Two schools of thought

The debate on cryptocurrency made news headlines again when Warren Buffett, chairman and chief executive officer of Berkshire Hathaway, and his righthand man Charlie Munger again sharply criticized bitcoin at Berkshire’s annual shareholders’ meeting on April 30.

“If you told me you own all the bitcoins in the world and you offered it to me for $25 I wouldn’t take it,” said Buffett.

“Assets, to have value, have to deliver something to somebody. And there’s only one currency that’s accepted. You can come up with all kinds of things — we can put up Berkshire coins… but in the end, this is money,” he said, holding up a $20 bill. “And there’s no reason in the world why the United States government … is going to let Berkshire money replace theirs,” CNBC quoted him as saying.

“In my life, I try and avoid things that are stupid and evil and make me look bad in comparison to somebody else – and bitcoin does all three,” Munger said.

The two men have long been opposed to the adoption of bitcoin as a currency. In 2018, Buffett said bitcoin is probably “rat poison squared”.

Proponents of bitcoin are found among the tech-savvy and libertarians.

Elon Musk, the CEO of Tesla, has been a promoter of cryptocurrency. Tesla last year invested $1.5 billion in bitcoin. In January this year, Musk, the world’s richest person, announced that customers could buy small Tesla items, including a belt buckle and a whistle, with Dogecoin — a cryptocurrency.

Over the past few days, he has invited Binance, the world’s largest digital asset exchange to jointly invest with him in buying Twitter, the world’s popular social media platform.

Libertarians consider cryptocurrency a tool to counter the centralized US Federal Reserve system which they claim prints a lot of US dollars leading to its declining value.

They also dislike the presence of middlemen in financial transactions, which increase the cost of money transfer, while crypto transactions are done on a decentralized blockchain, a public ledger.

Meanwhile, some traditional financial institutions have started to recognize bitcoin and other leading cryptocurrencies. They are now advising their clients to hold a small number of cryptocurrencies for investment purposes.

A Nobel laureate rubbishes crypto

Paul Krugman, a Nobel laureate in economics, is strongly opposed to bitcoin and other cryptocurrencies.

He recently tweeted: “Bitcoin was introduced 13 years ago — an eternity in tech time. It has attracted a fanatical evangelical base, despite constant sniping from skeptics wondering what problem exactly it solves.”

“The skeptics are constantly told that they’re just dinosaurs who don’t get it,” he lamented.

“El Salvador makes bitcoin legal tender, subsidizing the adoption of a bitcoin app, optimal conditions for turning it into a functioning form of money.
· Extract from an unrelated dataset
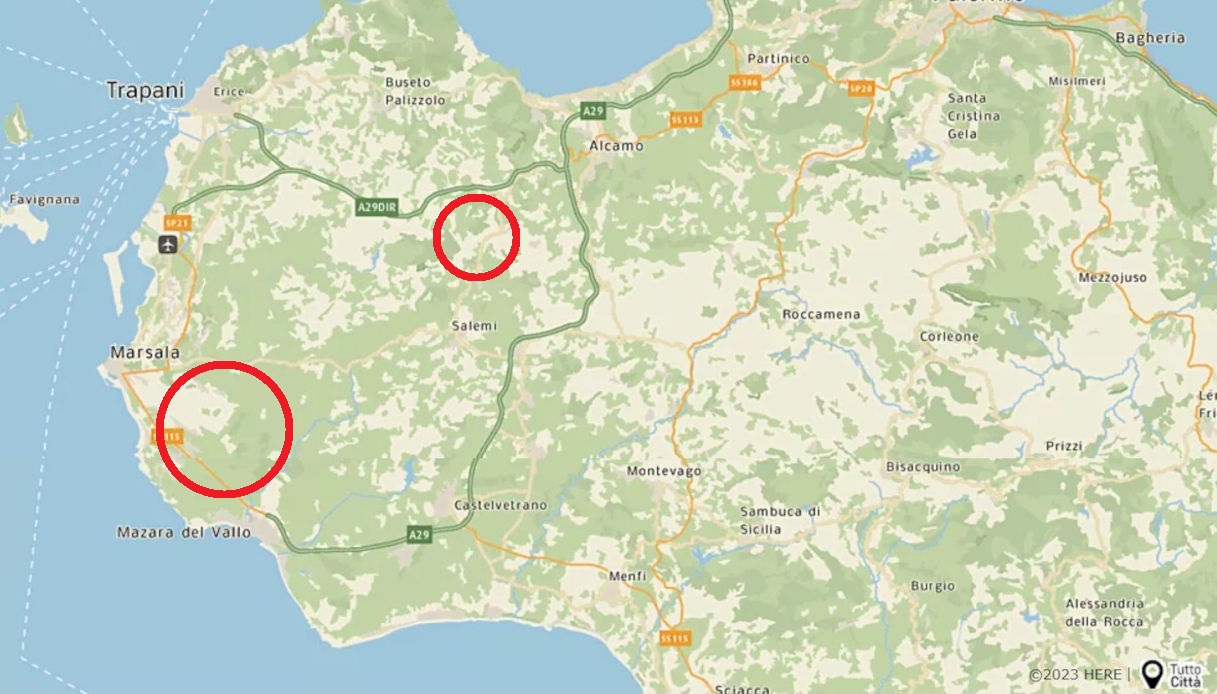 Una mappa che mostra i luoghi dell'omicidio-suicidio avvenuto in provincia di Trapani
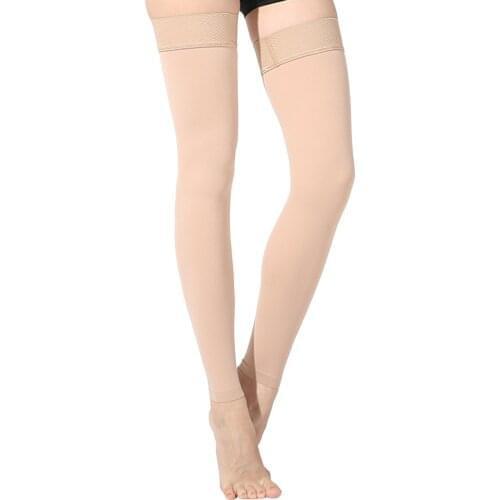 Open Toe Knee High Medical Compression Stockings Varicose Veins Socks Women 20-30 mmHg Elastic Nursing Socks Over Knee Socks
Overall, despite the legal tender status of bitcoin and the large incentives implemented by the government, the cryptocurrency is largely not an accepted medium of exchange in El Salvador.”

Most businesses don’t take it and few people use it, said Krugman.

“But crypto remains a hammer in search of a nail; or, less charitably, a cult driven by technobabble and libertarian derp,” he added.

A note of caution

Kobsidthi Silpachai, head of capital markets research at Kasikornbank shares Buffet’s views. As a traditional investor, Buffet always asks what is an investment’s intrinsic value, he said.

For example, a stock’s intrinsic value can be found by this formula: dividends/cost of capital less growth rate, but in the case of new investment alternatives like bitcoin, it is very difficult to find their intrinsic value, Kobsidthi explained.

He added that the intrinsic value is also based on supply and demand, like gold. “But these investment alternatives [cryptocurrencies] do not have “cashflow” back to the investors. The only way the investors can get their money back is to sell it to another investor, so it is more a speculative investment in its nature,” he argued.

Money serves three functions — as a unit of account, a store of value, and a medium of exchange.

Digital currencies are more convenient as a “medium of exchange”, Kobsidthi pointed out.

“As e-commerce continues to grow exponentially, the demand for a convenient medium of exchange is creating a demand for digital money like bitcoin,” he added.